HTMLElement class

This class can be used for parsing or for creating DOM manually.

DOM building

If you want to create DOM from HTMLElements, you can use one of theese four constructors:

HTMLElement()
HTMLElement("<tag>")
HTMLElement("<tag>", {"param": "value"})
HTMLElement("tag", {"param": "value"}, [HTMLElement("<tag1>"), ...])

Tag or parameter specification parts can be omitted:

HTMLElement("<root>", [HTMLElement("<tag1>"), ...])
HTMLElement(
   [HTMLElement("<tag1>"), ...]
)

Examples

Blank element

>>> from dhtmlparser import HTMLElement
>>> e = HTMLElement()
>>> e
<dhtmlparser.HTMLElement instance at 0x7fb2b39ca170>
>>> print e

>>>

Usually, it is better to use HTMLElement("").

Nonpair tag

>>> e = HTMLElement("<br>")
>>> e.isNonPairTag()
True
>>> e.isOpeningTag()
False
>>> print e
<br>

Notice, that closing tag wasn’t automatically created.

Pair tag

>>> e = HTMLElement("<tag>")
>>> e.isOpeningTag() # this doesn't check if tag actually is paired, just if it looks like opening tag
True
>>> e.isPairTag()    # this does check if element is actually paired
False
>>> e.endtag = HTMLElement("</tag>")
>>> e.isOpeningTag()
True
>>> e.isPairTag()
True
>>> print e
<tag></tag>

In short:

>>> e = HTMLElement("<tag>")
>>> e.endtag = HTMLElement("</tag>")

Or you can always use string parser:

>>> e = d.parseString("<tag></tag>")
>>> print e
<tag></tag>

But don’t forget, that elements returned from parseString() are encapsulated in blank “root” tag:

>>> e = d.parseString("<tag></tag>")
>>> e.getTagName()
''
>>> e.childs[0].tagToString()
'<tag>'
>>> e.childs[0].endtag.tagToString() # referenced thru .endtag property
>>> e.childs[1].tagToString() # manually selected entag from childs - don't use this
'</tag>'
'</tag>

Tags with parameters

Tag (with or without <>) can have as dictionary as second parameter.

>>> e = HTMLElement("tag", {"param":"value"})  # without <>, because normal text can't have parameters
>>> print e
<tag param="value">
>>> print e.params  # parameters are accessed thru .params property
{'param': 'value'}

Tags with content

You can create content manually:

>>> e = HTMLElement("<tag>")
>>> e.childs.append(HTMLElement("content"))
>>> e.endtag = HTMLElement("</tag>")
>>> print e
<tag>content</tag>

But there is also easier way:

>>> print HTMLElement("tag", [HTMLElement("content")])
<tag>content</tag>

or:

>>> print HTMLElement("tag", {"some": "parameter"}, [HTMLElement("content")])
<tag some="parameter">content</tag>

HTMLElement class API

HTMLElement class used in DOM representation.

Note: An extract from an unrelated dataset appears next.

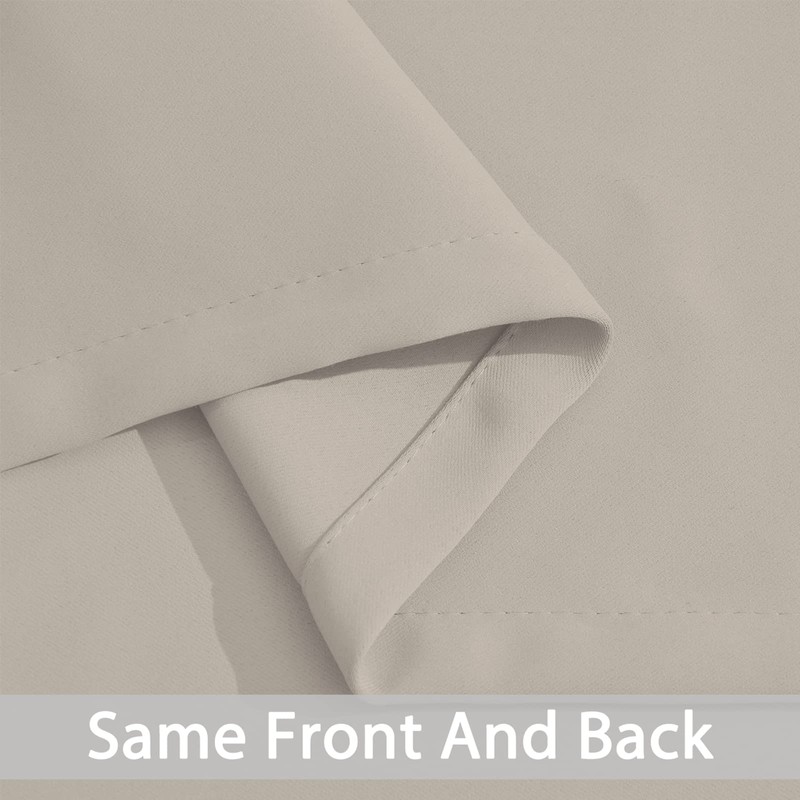 Yakamok Tatal Blackout Thermal Insulated Curtains, Noise Reducing Barrier Panel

dhtmlparser.htmlelement.NONPAIR_TAGS = ['br', 'hr', 'img', 'input', 'meta', 'spacer', 'frame', 'base']

List of non-pair tags. Set this to blank list, if you wish to parse XML.

class dhtmlparser.htmlelement.HTMLElement(tag='', second=None, third=None)[source]

This class is used to represent single linked DOM (see makeDoubleLinked() for double linked).

childs

list

List of child nodes.

params

dict

SpecialDict instance holding tag parameters.

endtag

obj

Reference to the ending HTMLElement or None.

openertag

obj

Reference to the openning HTMLElement or None.

find(tag_name, params=None, fn=None, case_sensitive=False)[source]

Same as findAll(), but without endtags.

You can always get them from endtag property.

findB(tag_name, params=None, fn=None, case_sensitive=False)[source]

Same as findAllB(), but without endtags.

You can always get them from endtag property.

findAll(tag_name, params=None, fn=None, case_sensitive=False)[source]

Search for elements by their parameters using Depth-first algorithm.

Parameters:
  • tag_name (str) – Name of the tag you are looking for. Set to “” if you wish to use only fn parameter.
  • params (dict, default None) – Parameters which have to be present in tag to be considered matching.
  • fn (function, default None) – Use this function to match tags. Function expects one parameter which is HTMLElement instance.
  • case_sensitive (bool, default False) – Use case sensitive search.
Returns:

List of HTMLElement instances matching your criteria.

Return type:

list

findAllB(tag_name, params=None, fn=None, case_sensitive=False)[source]

Simple search engine using Breadth-first algorithm.

Parameters:
  • tag_name (str) – Name of the tag you are looking for. Set to “” if you wish to use only fn parameter.
  • params (dict, default None) – Parameters which have to be present in tag to be considered matching.
  • fn (function, default None) – Use this function to match tags. Function expects one parameter which is HTMLElement instance.
  • case_sensitive (bool, default False) – Use case sensitive search.
Returns:

List of HTMLElement instances matching your criteria.

Return type:

list

wfind(tag_name, params=None, fn=None, case_sensitive=False)[source]

This methods works same as find(), but only in one level of the childs.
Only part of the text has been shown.